Much has been noted in the industry media about JCPenney since February 1st, when new CEO Ron Johnson began implementing his plan for the transformation of the department store chain. Topping the list of bold initiatives is the decision to replace heavy promotional sales - 590 of them just last year – with an everyday pricing program and many fewer sales. From what I can tell so far, the industry reaction has been all positive.
Last month we wrote about Sears and its struggles to re-brand itself. Now Mr. Johnson has been hired to give new life to another aging retail establishment with a middling reputation. However, the only parallel I can draw between these two retail behemoths is that each suffers from an identity crisis.
While Sears hired Lou D'Ambrosio, a non-retail executive with a tech-oriented pedigree from IBM and Avaya, to solve its problems, JCPenney hired the man who developed the retail store division of Apple, Inc. and as Senior VP of Retailing, grew it to more than 360 locations over an 11-year span.
Prior to that, he spent 15 years at another iconic retail firm, Target Corporation, finishing up that career stop as VP of Merchandising.
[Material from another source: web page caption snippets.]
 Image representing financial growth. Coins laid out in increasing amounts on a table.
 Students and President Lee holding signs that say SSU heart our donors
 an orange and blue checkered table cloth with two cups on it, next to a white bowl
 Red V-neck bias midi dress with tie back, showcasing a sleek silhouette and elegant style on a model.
Quite a difference in backgrounds, don’t you think? That resume alone should boost corporate morale, and give shareholders confidence that things are indeed going to get better.
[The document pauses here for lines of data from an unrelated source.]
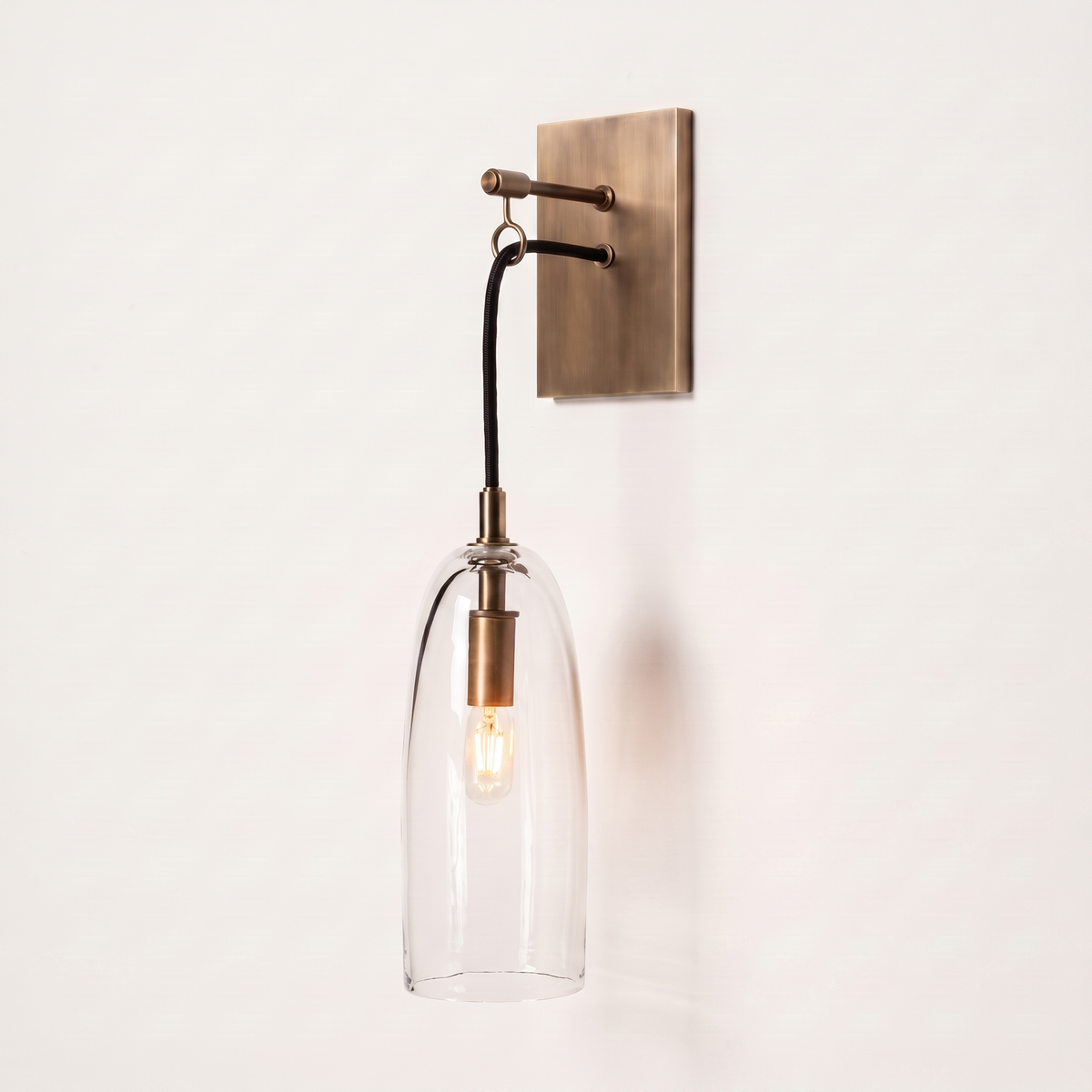 Comvilo Lure Wall Lamp in brass and clear, showing construction and wall mounting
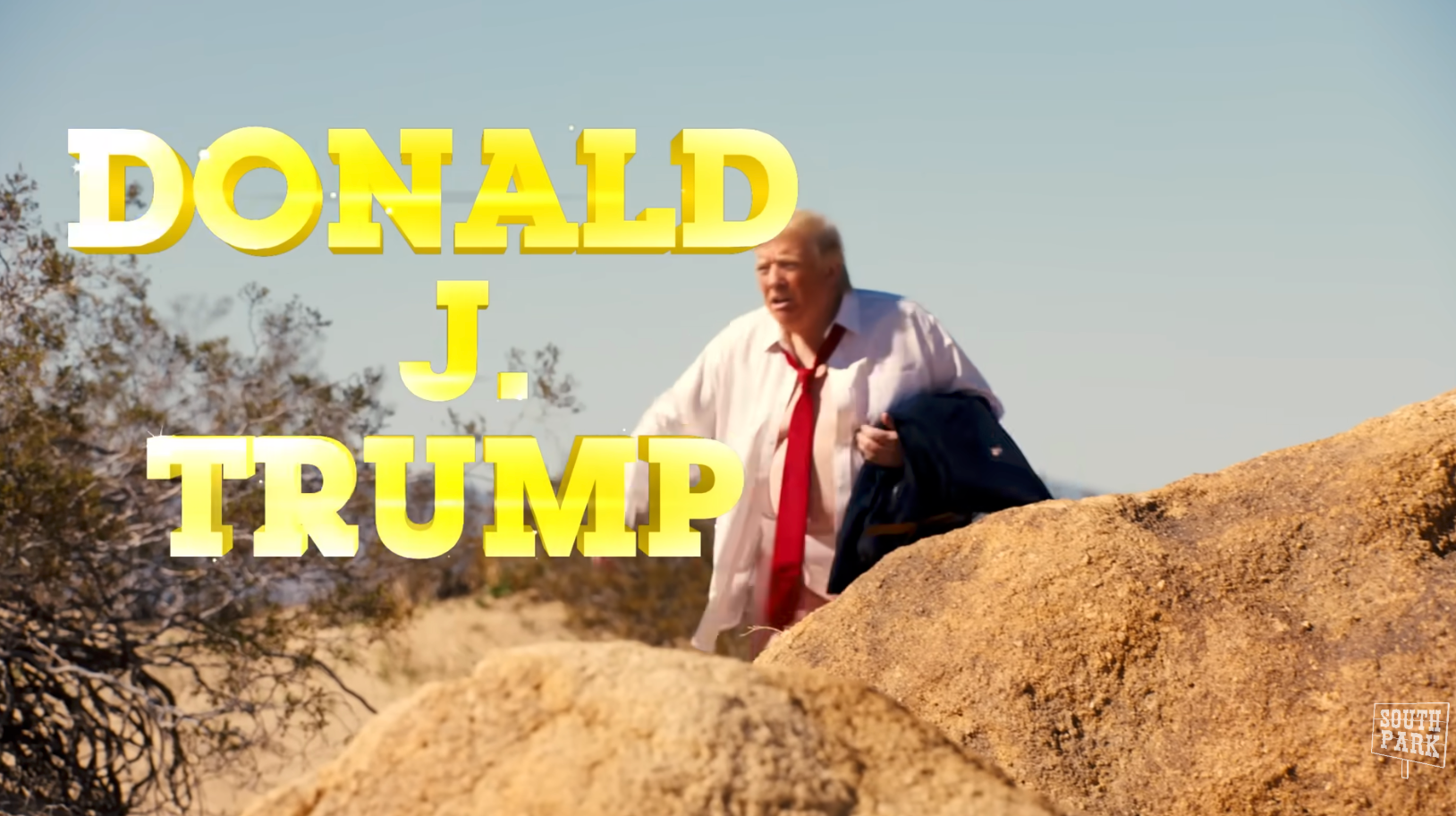 En mann i dress holder en jakke, stående på steinete terreng. Stor tekst lyder "Donald J. Trump."
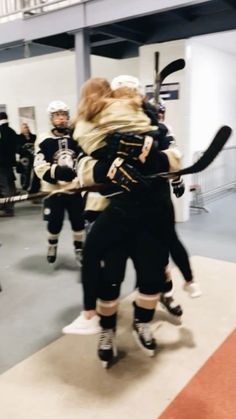 the hockey players are hugging each other on the ice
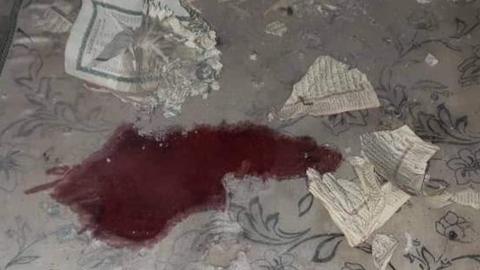 Photograph posted online by Mareb Press website a bloodstained carpet at a religious school and mosque reportedly hit by a Houthi ballistic missile in al-Jawba district, Marib province, Yemen (1 November 2021)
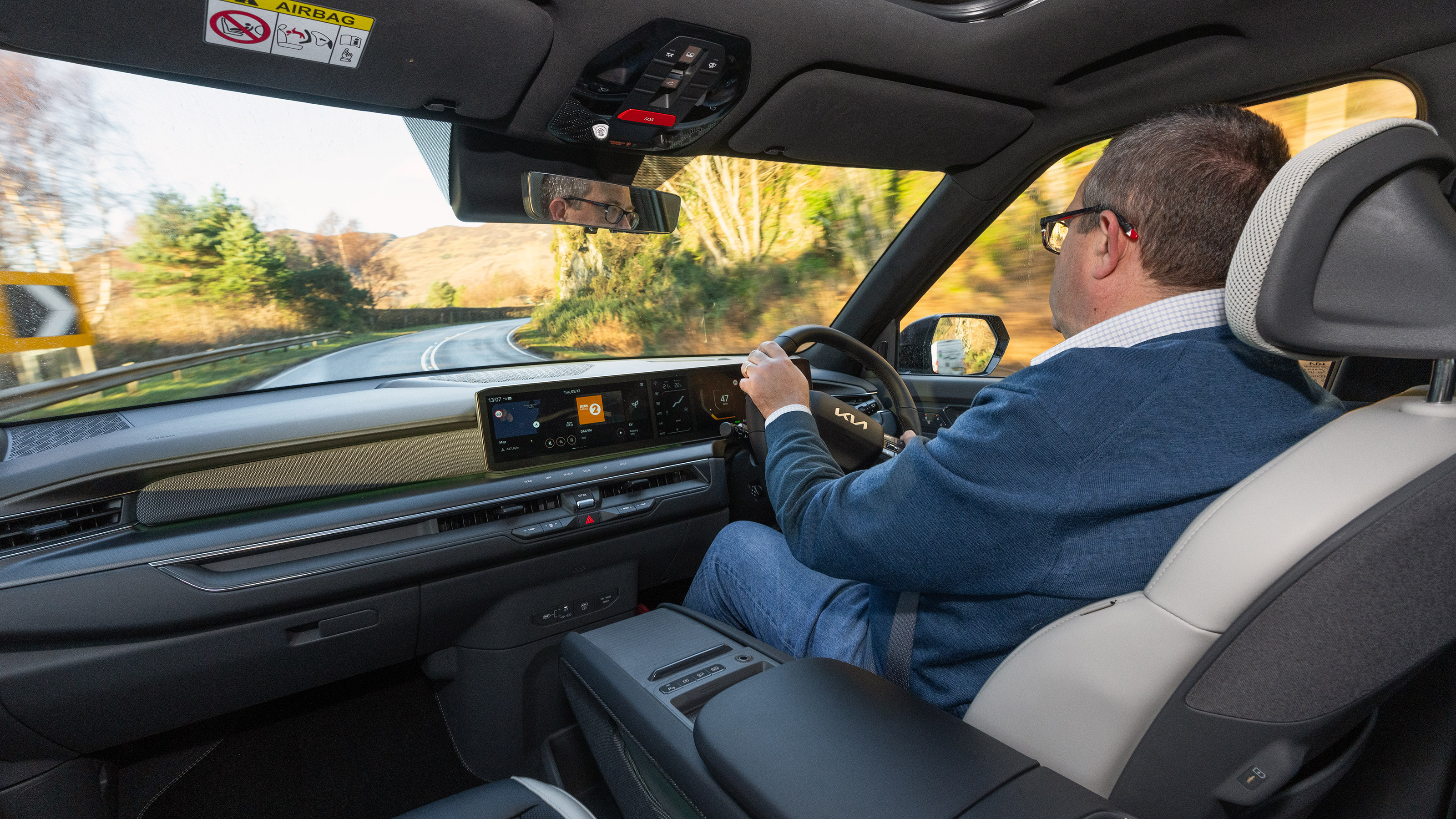 John McIlroy driving the Kia EV9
In case you missed it, the new pricing strategy at JCPenney is called “Fair and Square”. As cited by JCPenney in a January 25th press release, the three-tiered pricing program includes: “Everyday, regular prices, which are always great; Month-Long Values, even better prices on the things you need now; and Best Prices, JCPenney's lowest prices, which always happen on the 1st and 3rd Fridays of every month as JCPenney makes room for exciting new merchandise.”
Only 12 promotional events will occur each year, based on a monthly calendar. Up until now, this $4 billion company had been spending 6% of sales on promotional advertising alone; now JCP expects that millions of dollars in savings will flow to the bottom line as a result of the new program.
No matter how much creativity Johnson can instill at JCPenney, it will all be for naught if the new strategy doesn’t draw substantially more shoppers (particularly younger ones), and boost sales. But it’s a gutsy move, nonetheless, an attempt not merely to improve the company, but to reinvent it, which if successful will be no small achievement.
A new cleaner, more modern logo has been created to reflect the new image; a new spokesperson has been introduced in Ellen DeGeneres; but more importantly, a new store prototype is in the works (although a rollout is not expected until 2014). Leading up to the new store design, and following the pattern of its current Sephora displays, JCPenney will be adding 100 shop-in-shops intended to exhibit a better in-store presence of brands such as Liz Claiborne, Izod, L’amour, and Martha Stewart, which will be introduced in JC Penney stores as a result of the company’s recent $38.5 million investment in Martha Stewart Living Omnimedia.
So: let us assume for the moment that all goes well for JCPenney, its “transformation” is successful, and sales increase. With only so many GAFO expenditures in the pie, from whose slice will the incremental market share be derived? There are several likely victims – here are two:
In the 90s, when Kohl’s store expansion was in high gear and it more than tripled its number of stores, it was considering locations in regional malls, many of which were tenanted by JCPenney. Penney was quick to invoke its approval right by disapproving of any Kohl’s addition that came its way. Landlords warned Penney that Kohl’s would open either at the mall or across the street; when that came to fruition, Penney in many cases opted for the lesser of two evils. There was no question at the time that JCP considered Kohl’s its number one nemesis. If the current transformation is successful, perhaps it’s payback time for JCP.
Another potentially vulnerable candidate is Mr. Johnson’s former employer. After all, isn’t Target known as America’s fashion discounter? Let’s face it - in the mind of the consumer, it’s all about “value”, with value being some combination of price and perceived quality. Where she sees the best value is where she shops, and if Johnson can make the shopper perceive JCP as the new face of value fashion, it may mean a direct hit on Target.
The Apple store essentially redefined the retail shopping experience in ways that have already influenced other retailers and categories. And when was the last time you saw a sale at an Apple store? If Ron Johnson can bring even a measure of the same success to JCPenney, it could be a transformative not only for this venerable department store chain, but for retail in general.